Семнадцать лет, четыре пушки, радость жизни – и десятки тысяч тел, оставшихся на Бородинском поле.
„Я бы спросил, что чувствовал Наполеон, когда после Бородинского сражения 40 тысяч трупов и раненых, стонущих и изнемогающих людей густо покрывали поле, по которому он ехал? А сколько тысяч семейств оплакивали преждевременную потерю отцов, детей, братьев, мужей, любовников, опору семейств, и все эти несчастья от произвола, от жажды владычества одного. По расчету самому точному, 3 миллиона в продолжение его владычества… погибли в войнах и походах. Почему человека, гражданина за убийство… своего младенца наказывают смертию… а смертоубийство массами называют победою?“
Зная, на чьей стороне правда, Раевский не забывает, однако, и другой стороны исторического действа: „…была народная война со всеми ужасами и варварством… Народ русский зверски рассчитывался за пожары, насилие, убийства, свою веру“.

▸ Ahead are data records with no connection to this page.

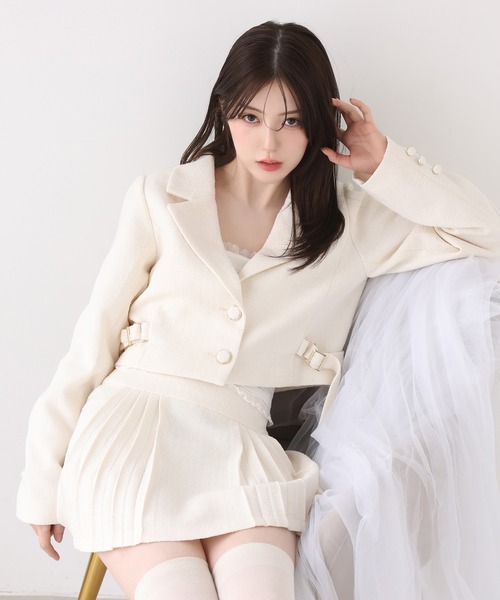 one after another NICE CLAUP(ワンアフターアナザーナイスクラップ)の「【premium order】セットで着れる/ツイードショートジャケット(テーラードジャケット・レディース・アイボリー/ブラック/ミント・FREE)」の13枚目の写真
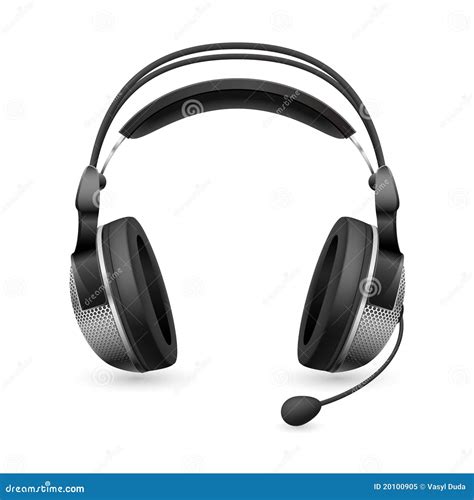 Realistic Computer Headset with Microphone Stock Vector - Illustration of design, isolated: 20100905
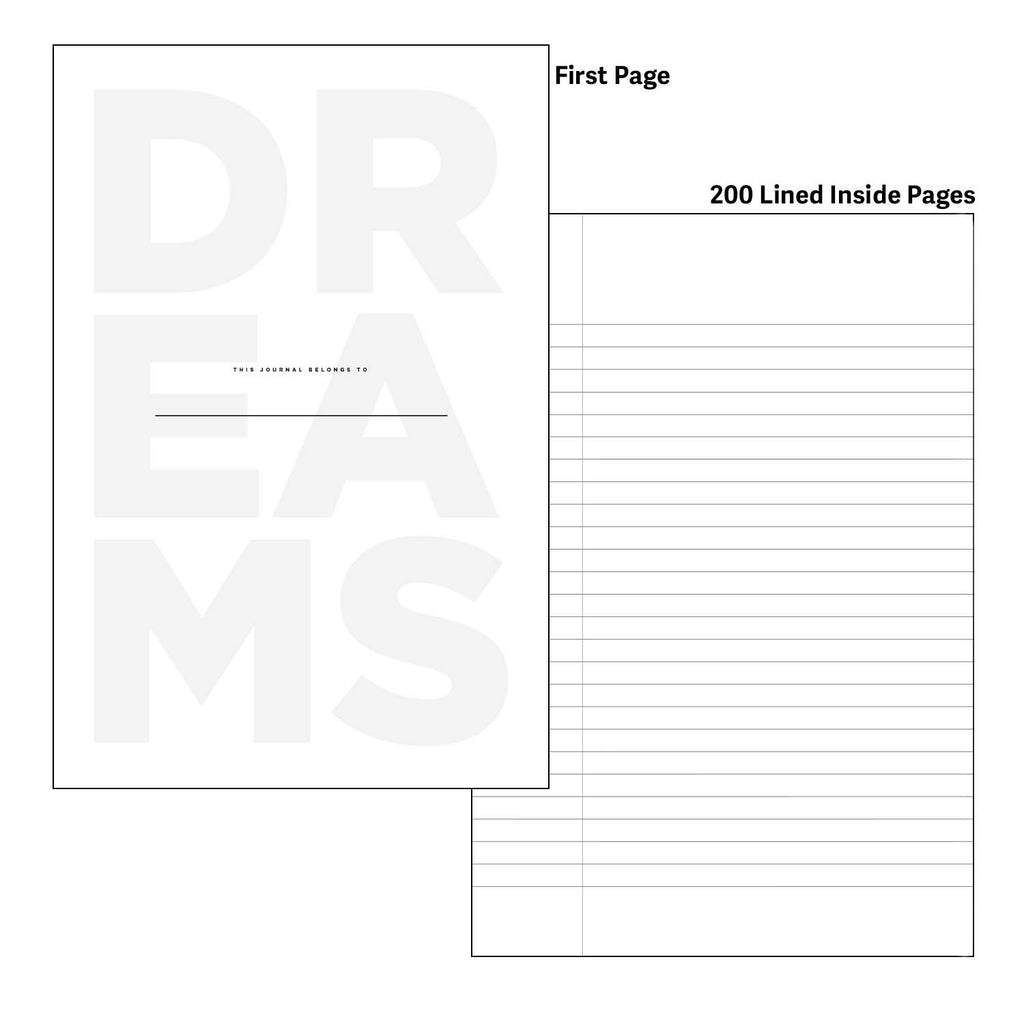 Black and White Minimalist DREAMS Hardcover Journal by Culver and Cambridge
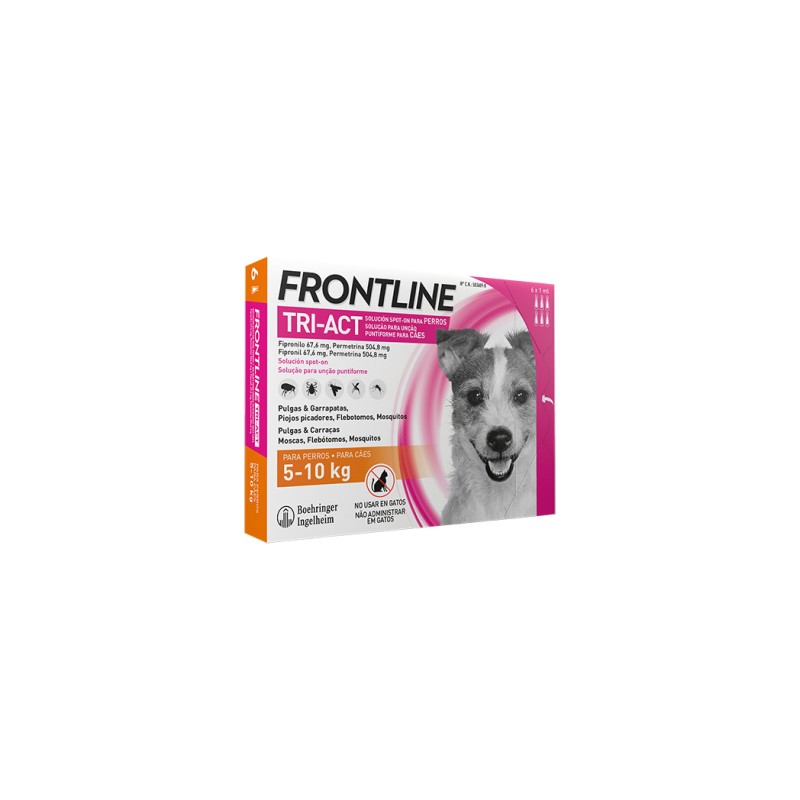 FRONTLINE TRI-ACT SOLUCION SPOT-ON PARA PERROS 5-10 kg (6 pipetas)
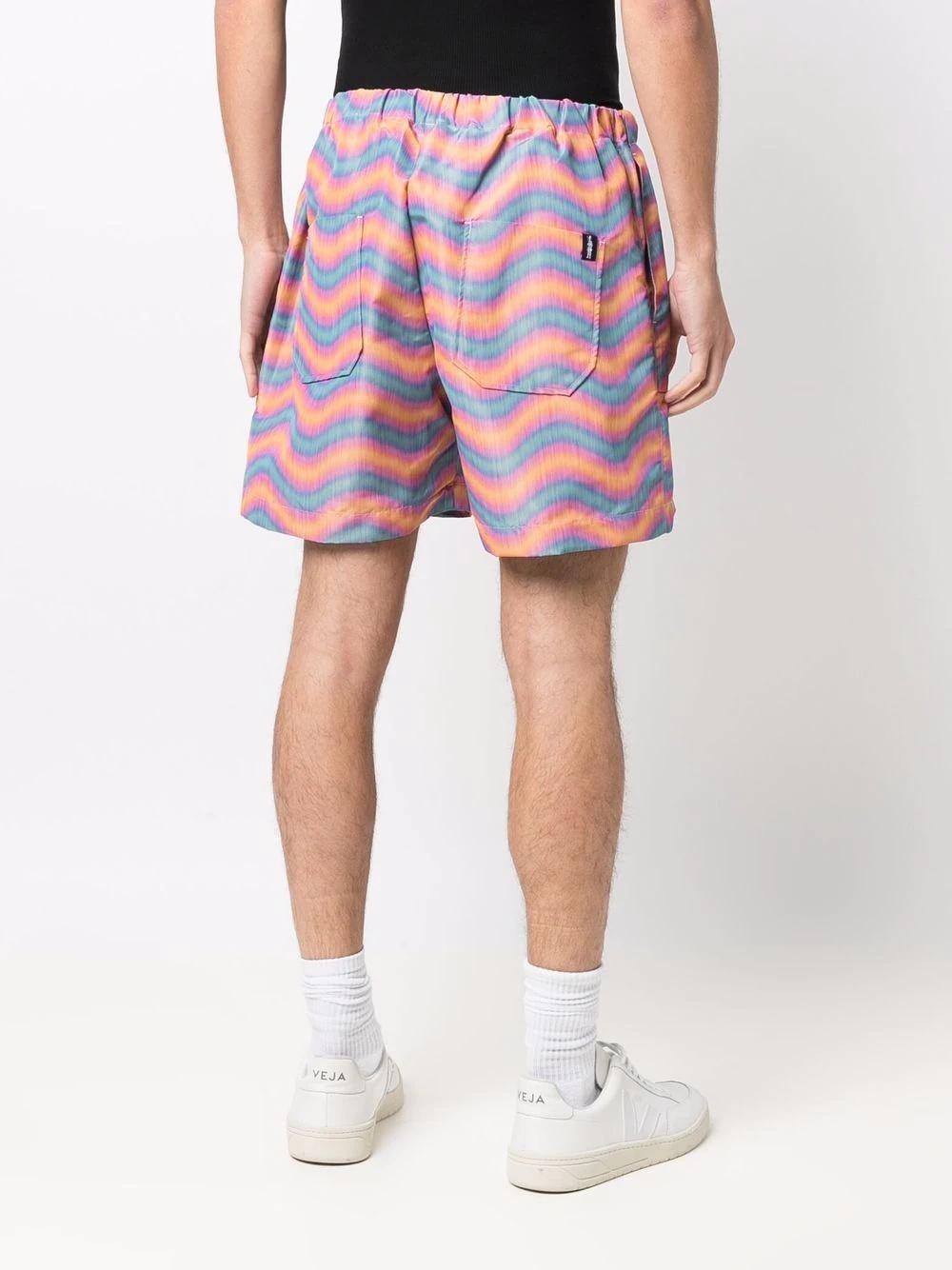 wave-print track shorts - 4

Выходит, нужно думать и об изгнании неприятеля и о способах изгнать потом зверство из самих себя.
* * *
Но война продолжается. В послужном списке Раевского 11 сражений, два чина, военный орден, рана… 17-летний прапорщик – подпоручик – поручик гонит неприятеля своими двумя, потом четырьмя пушками. И вот уж Смоленск, Борисов:
„Не только деревень, домов уже по всей дороге не было – одна зола и трубы от печей кое-где стояли… Направо и налево от дороги сидели и валялись кучи умерших и умирающих французов, немцев, поляков, итальянцев и даже испанцев“.
* * *
Тут время появиться генерал-майору Сабанееву. Он подчиняется теперь адмиралу Чичагову, который поздней осенью 1812-го движется с Украины в Белоруссию, к Березине, чтобы отрезать пути наступления Наполеону.
Между Чичаговым и Сабанеевым возникает спор, от которого зависят, может быть, судьбы Европы. Генерал убеждает старшего начальника, что их задача окружить, захватить Наполеона; Чичагов иначе трактует полученные инструкции и медлит.
Именно в эту пору записывает во фронтовом дневнике молодой офицер Александр Чичерин (которому быть бы декабристом, если б вернулся с войны):
„Я всегда жалел людей, облеченных верховной властью. Уже в 14 лет я перестал мечтать о том, чтобы стать государем; теперь я даже страшусь высокой власти. Обязанность прислушиваться к желаниям тысяч людей, придерживающихся самых различных мнений, угождать всему свету, когда никто на свете не мыслит одинаково“.
Если бы Чичагов перехватил Наполеона при Березине…
Тогда вроде бы война окончилась сразу и не было бы нужды в кампаниях 1813–1814 годов? Или, наоборот, пленение, гибель императора удесятерили бы сопротивляемость Франции; униженный, прижатый к стене неприятель сделался бы чрезвычайно опасен?
До сих пор спорят, каково было мнение самого Кутузова. Умнейший старик серьезно опасался разбитого Наполеона; как известно, вообще возражал против вступления русских войск в Западную Европу. Может быть, и в самом деле тайно противился завершению кампании при Березине, – и не оттого ли инструкции Чичагову были не слишком отчетливы?..
Так или иначе, основная армия (где и Раевский) не стала молотом, а войска Чичагова и Сабанеева – наковальней, меж которых расплющился бы Наполеон.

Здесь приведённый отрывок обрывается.